When instead of the thermionic cathode a plasma electron emitter is used, the gas pressure in the accelerating gap should be below the breakdown threshold determined by the Paschen curve. To avoid breakdowns at accelerating voltage of 100–300 kV, the pressure in the gap should be much lower than 0.1 Pa. However, when the area of the plasma emitter amounts to 200 cm2, the gas pressure in the accelerating gap is almost equal to the gas pressure in the plasma emitter. Therefore, it is necessary to produce the plasma emitter using a discharge at the gas pressure of about 0.01 Pa.
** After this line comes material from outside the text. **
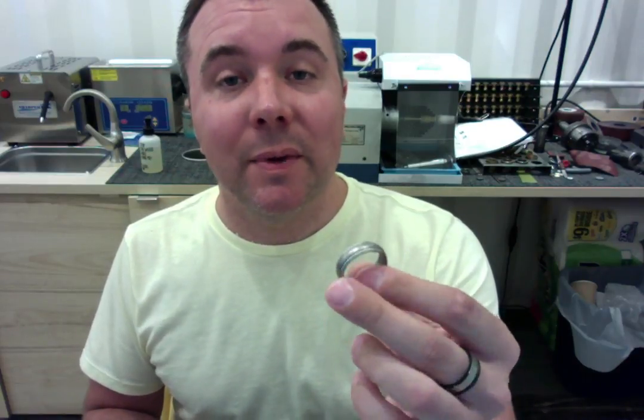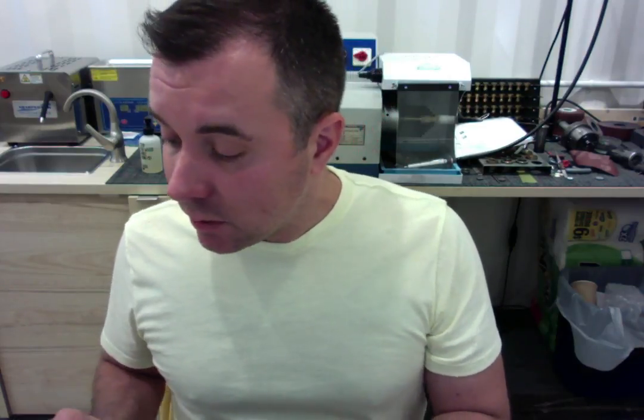I have it finished up here for you and I'm getting ready to ship it, and so before I do so, I am going to be doing your final size and quality control check, so let's start.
It was found in [28] that in the hollow cathode glow discharge the lower limit of the operating pressure range can be reduced down to 0.01 Pa. The hollow cathode plays a role of electrostatic trap [29,30] for fast electrons emitted by the cathode surface and produced in the cathode sheath of the discharge. This paper is dedicated to the development of an electron gun based on the low-pressure hollow-cathode glow discharge producing for the surface modification of machine parts and material tests the broad pulsed beams.

2 Experimental setup

Figure 1a presents a schematic diagram of the experimental electron gun. Inside high-voltage feedthrough 1, which is installed on the upper flange of 0.8-m-diameter and 1-m-high vacuum chamber 2, are mounted 18-cm-diameter and 60-cm-long hollow cathode 3 as well as 20-cm-diameter and 80-cm-long hollow anode 4. The upper end of the cathode is covered by a flange with additional cathode 5 and igniting electrode 6. Gas is supplied to the hollow cathode through a central hole of the igniting electrode. On the upper flange there is a needle-valve to adjust the gas flow rate (not shown in Fig. 1a). The lower end of the hollow cathode is covered by a diaphragm with a 6-cm-diameter central orifice.
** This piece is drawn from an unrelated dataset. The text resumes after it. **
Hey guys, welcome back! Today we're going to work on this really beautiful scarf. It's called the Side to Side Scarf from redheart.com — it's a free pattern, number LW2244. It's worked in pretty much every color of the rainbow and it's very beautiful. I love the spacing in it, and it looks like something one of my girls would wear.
The lower end of the hollow anode is covered by an accelerating electrode with flat 16-cm-diameter emissive grid 7. The diameter of the grid orifices is equal to 3 mm, and the distance between their centers amounts to 4 mm. At a distance of 10 cm from the grid is installed grounded 50-cm-high hollow anode 8 with rectangular 25 cm × 25 cm cross-section covered by 90% transparency flat grid composed of parallel tungsten 0.5-mm-diameter wires distanced from each other at 5 mm. At the grounded anode bottom is placed Faraday cup 9 allowing control of the electron beam current measured with Rogovsky coil 10.
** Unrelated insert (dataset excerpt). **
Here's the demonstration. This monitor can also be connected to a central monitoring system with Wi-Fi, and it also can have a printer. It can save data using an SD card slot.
Figure 2 presents a photograph of the high-voltage pulse generator. Three batteries of capacitors, the capacitance of each battery amounting to C = 10.4 µF, are charged through resistors Ro = 5 kΩ and resistors R = 130 Ω up to a voltage ranging from 20 to 100 kV. Simultaneously with those three batteries is charged a battery of the discharge power supply its capacitance amounting to C1 = 200 µF. The latter ensures current up to 500 A of a pulsed glow discharge between the hollow cathode and the hollow anode.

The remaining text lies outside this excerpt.